La politica estera italiana necessita di una direttrice chiara. A sostenerlo è l’analisi di molti osservatori, che interpretano così il tira e molla europeo sulla nomina della titolare della Farnesina, Federica Mogherini, ad Alto rappresentante per la politica estera e di sicurezza dell’Unione.
Il motivo – crede l’ambasciatore Guido Lenzi – risiede nel fatto che dopo anni di relativa tranquillità anche la diplomazia italiana viva una fase di assestamento. In una conversazione con Formiche.net, la seconda di una serie di interviste sul tema, il già direttore dell’Istituto Europeo di Studi di Sicurezza a Parigi e Rappresentante Permanente presso l’Osce a Vienna spiega come sta cambiando la proiezione internazionale dell’Italia.
Ambasciatore, dove va la politica estera italiana?
La nostra è sempre stata una politica estera con dei chiari punti di riferimento: Europa e Nato. Due organismi che sono in fase di assestamento.
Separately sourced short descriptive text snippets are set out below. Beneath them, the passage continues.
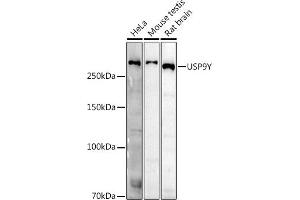 Western blot analysis of extracts of various cell lines, using USP9Y antibody (ABIN7271171) at 1:500 dilution. (USP9Y 抗体)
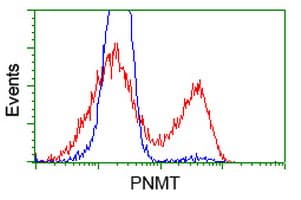 PNMT Antibody (clone OTI2G4)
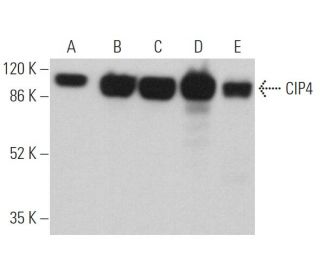 CIP4 Antibody (F-10) - Western Blotting - Image 362986 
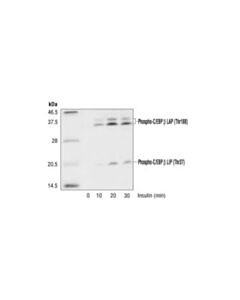 Cell Signaling Phospho-C/Ebpbeta (Thr235) Antibody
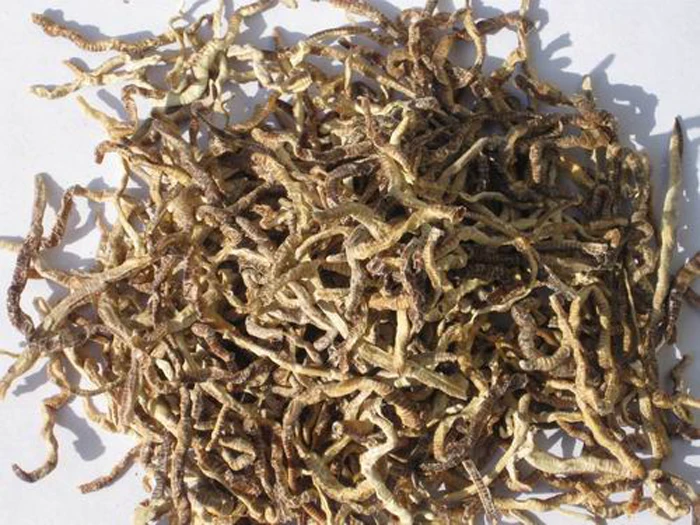 Wholesale hot sell high protein nourishing dried earthworms for animal food feed pet food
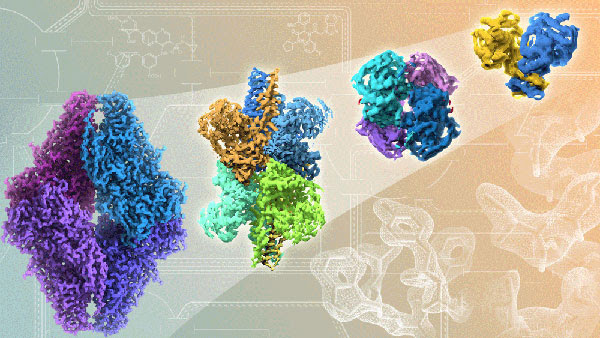 xdh-protein-article.jpg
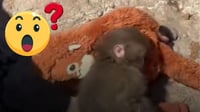 ¿Qué le pasó a Punch, el monito que se viral por abrazar un peluche? Todo lo que se sabe | VIDEO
Questo fa sì che da un lato l’Italia abbia perso i suoi tradizionali “attracchi”, dall’altro che proprio per questo possa definire una strategia che le permetta di perseguire i suoi interessi in un modo più autonomo del passato. Il semestre di presidenza del Consiglio europeo è una buona occasione per focalizzare priorità e rapporti. Ci sono una serie di problemi da affrontare e l’Italia dovrà supplire in questa fase a una mancanza di interlocuzione dettata dal fatto che dopo la fine del mandato della Commissione, i vertici europei non sono ancora chiaramente delineati.
Ritengo prematuro invece esprimere un giudizio sul caso della Mogherini. Solo dopo che verrà decisa la composizione dell’intera Commissione si potrà scegliere l’Alto rappresentante più adatto.
Come valuta la situazione in Libia vista da Roma e in un’ottica internazionale?
Si suol dire che la Libia sia stata sfasciata dall’intervento europeo, ma in realtà era già allo sbando prima della caduta di Muammar Gheddafi, che non riusciva già più a tenere insieme il Paese. La Libia in fondo non è mai stata una nazione. Non so se l’Onu in quanto tale verrà mai coinvolta. L’Occidente sta provando a contribuire alla tenuta di Tripoli, ma c’è forte riluttanza ad occuparsi di questo problema, sebbene sia chiaro che la responsabilità morale e operativa di una pacificazione della Libia non possa che essere di Usa ed Europa.
Un altro focolaio preoccupante è quello ucraino, nel quale secondo il Dipartimento di Stato americano ci sarebbero riscontri documentali di una destabilizzazione ad opera della Russia. Per questo il generale Carlo Jean ritiene che le sanzioni siano un passo obbligato per riportare Putin alla ragione.
Il caso ucraino è particolare. In parte si imputa all’Europa di non prendere decisioni in politica estera, contestualmente la si condanna dicendo che provoca la Russia aprendo a un accordo di associazione con Kiev. Le sanzioni comminate non sono certo risolutive, ma rappresentano una manifestazione di disapprovazione dell’operato di Mosca, che continua a fare ostruzionismo impedendo che molte delle crisi nello spazio ex sovietico possano essere risolte. Bisogna continuare a far pressione sulla Russia di Putin perché si decida ad accettare con l’Europa delle formule collaborative per risolvere le crisi tutt’ora aperte, che Mosca alimenta e delle quali si avvale per tenere in ostaggio la ricomposizione continentale.